Mord an der Transamazônica

Vor vier Jahren begegnete ich den Tenharim zum ersten Mal. Ich war damals auf einer Amazonasexpedition unterwegs, gemeinsam mit einem weiteren Journalisten, einem Fotografen und einem erfahrenen Waldführer für diese Region. Wir suchten nach den Spuren eines Krieges.

Das ZEIT Magazin hatte uns ge­beten, über Zusammenstöße zwischen Holzfällerbanden und Amazonasvölkern zu berichten, weil diese seit vier, fünf Jahren erneut eskalieren. Auch die Abholzung des tropischen Regen­waldes hat in dieser Zeit wieder stark zugenommen – ein trauriger Rückschlag, denn zu Beginn des Jahrtausends hatte es vorübergehend ein paar Erfolge für den Umweltschutz in dieser Region gegeben. Diese beiden Phänomene, die Gewalt und der Raubbau an der Natur, hängen zusammen. Viele indigene Völker bangen heute um ihr Überleben, weil sie den Holzfällern im Wege stehen.

Wir waren damals schon eine gute Woche im südlichen Amazonasgebiet unterwegs, als uns eine Nachricht auf­schreckte. Im Radio hieß es, dass ein Indianervolk namens Ten­harim erneut damit begonnen habe, brasilianische Siedler zu er­morden.

Mitten durch das Stammesgebiet der Tenharim führt die Transamazônica, eine Fernstraße aus Lehm, die in den siebziger Jahren 4223 Kilometer weit von West nach Ost durch den brasili­anischen Regenwald gebaut wurde – und genau dort wurden nun offenbar drei Männer, zwei Weiße und ein Schwarzer aus den um­liegenden Siedlungen, in ihrem Auto erschossen. Die Polizei fand ihre Leichen später verscharrt auf dem Stammesgebiet der Tenha­rim. Sie steckte fünf Krieger des Volkes ins Gefängnis.

Die Ereignisse waren für unsere Reportage interessant, denn die Gegend rings um das Stammesgebiet der Tenharim gilt als Abholzungs­-Hotspot. Die Tra
nsamazônica ist einer der wichtigs­ten Transportwege für legal und illegal geschlagenes Holz. Wir fuhren hin – einen Tag und eine Nacht lang –, um das wehrhafte Volk zu besuchen. Doch als wir ankamen, war alles abgesperrt. Soldaten sicherten die Straße, Hubschrauber kreisten in der Luft. Die brasilianische Regierung wollte beide Seiten voreinander schützen, denn in den Nächten zuvor waren Lynchmobs weißer Siedler vor die Dörfer der Tenharim gezogen, hatten Hütten und sogar den Außenposten der staatlichen Indianerschutzbehörde in Brand gesteckt.
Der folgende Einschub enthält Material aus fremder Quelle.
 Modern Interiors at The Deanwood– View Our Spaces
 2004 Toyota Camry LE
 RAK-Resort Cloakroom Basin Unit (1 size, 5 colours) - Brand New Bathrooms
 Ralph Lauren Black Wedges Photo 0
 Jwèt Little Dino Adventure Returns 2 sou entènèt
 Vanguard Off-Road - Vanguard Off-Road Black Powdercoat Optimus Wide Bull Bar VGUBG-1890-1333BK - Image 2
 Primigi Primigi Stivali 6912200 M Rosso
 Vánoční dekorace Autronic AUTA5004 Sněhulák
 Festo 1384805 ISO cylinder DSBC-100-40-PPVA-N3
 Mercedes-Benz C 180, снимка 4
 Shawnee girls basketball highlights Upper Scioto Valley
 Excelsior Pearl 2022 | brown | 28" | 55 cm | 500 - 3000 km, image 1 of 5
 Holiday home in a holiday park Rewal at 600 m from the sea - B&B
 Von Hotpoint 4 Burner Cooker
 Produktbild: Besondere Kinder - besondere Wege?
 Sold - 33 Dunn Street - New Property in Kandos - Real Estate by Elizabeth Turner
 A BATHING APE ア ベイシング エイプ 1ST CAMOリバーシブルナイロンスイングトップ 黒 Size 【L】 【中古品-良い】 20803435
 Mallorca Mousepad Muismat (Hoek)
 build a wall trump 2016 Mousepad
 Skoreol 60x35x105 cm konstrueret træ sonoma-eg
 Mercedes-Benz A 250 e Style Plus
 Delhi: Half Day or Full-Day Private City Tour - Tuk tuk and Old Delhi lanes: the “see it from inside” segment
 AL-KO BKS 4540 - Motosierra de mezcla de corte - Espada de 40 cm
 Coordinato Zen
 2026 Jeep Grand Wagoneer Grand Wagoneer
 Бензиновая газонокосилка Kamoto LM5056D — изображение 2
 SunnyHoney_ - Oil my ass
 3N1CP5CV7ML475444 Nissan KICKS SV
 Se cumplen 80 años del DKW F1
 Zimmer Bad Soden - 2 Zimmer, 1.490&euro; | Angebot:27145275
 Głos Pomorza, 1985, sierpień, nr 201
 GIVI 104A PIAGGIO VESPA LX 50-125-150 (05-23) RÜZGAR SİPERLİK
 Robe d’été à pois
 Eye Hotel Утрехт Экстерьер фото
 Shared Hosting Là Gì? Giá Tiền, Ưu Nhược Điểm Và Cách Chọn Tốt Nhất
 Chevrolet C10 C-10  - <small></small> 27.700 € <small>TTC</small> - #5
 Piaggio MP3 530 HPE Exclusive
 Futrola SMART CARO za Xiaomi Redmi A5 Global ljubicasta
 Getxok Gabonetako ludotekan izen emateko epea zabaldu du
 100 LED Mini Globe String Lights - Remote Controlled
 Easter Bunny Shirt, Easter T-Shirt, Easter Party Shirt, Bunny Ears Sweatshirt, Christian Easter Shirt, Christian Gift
Im ersten Anlauf hielten die Sicherheitskräfte auch uns Journa­listen davon ab, das Gebiet der Tenharim zu betreten, doch Leute von der Indianerschutzbehörde organisierten später ein heim­liches Treffen mit Anführern des Volkes. Die Situation war ange­spannt. Die Tenharim bestritten die Morde, und sie sprachen eine Einladung aus: Ich solle sie besuchen kommen, in ein paar Mona­ten, wenn die Lage sich wieder beruhigt habe. Dann könne ich die Wahrheit über ihr Volk erfahren, über ihre jahrtausendealte Kul­tur und ihren bitteren Kampf gegen weiße Siedler.

Bei einer dieser ersten Reisen lernte ich Madarejúwa kennen, den jungen Krieger, der im Buch seine Geschichte er­zählt. Er war damals neunzehn Jahre alt, und im Gegensatz zu einigen anderen Mitgliedern seines Volkes sprach er nicht viel. Sein Großvater und der Häuptling legten aber vertrauensvoll und mit großer Selbstverständlichkeit unsere Exkursionen in die Ver­antwortung des jungen Mannes, und dieser plante sie mit großer Ruhe und Ernsthaftigkeit: zu Wasserfällen, in alte Dörfer und in jene Gegenden des Waldes, die die Tenharim als den Ursprung ihrer Welt ansehen.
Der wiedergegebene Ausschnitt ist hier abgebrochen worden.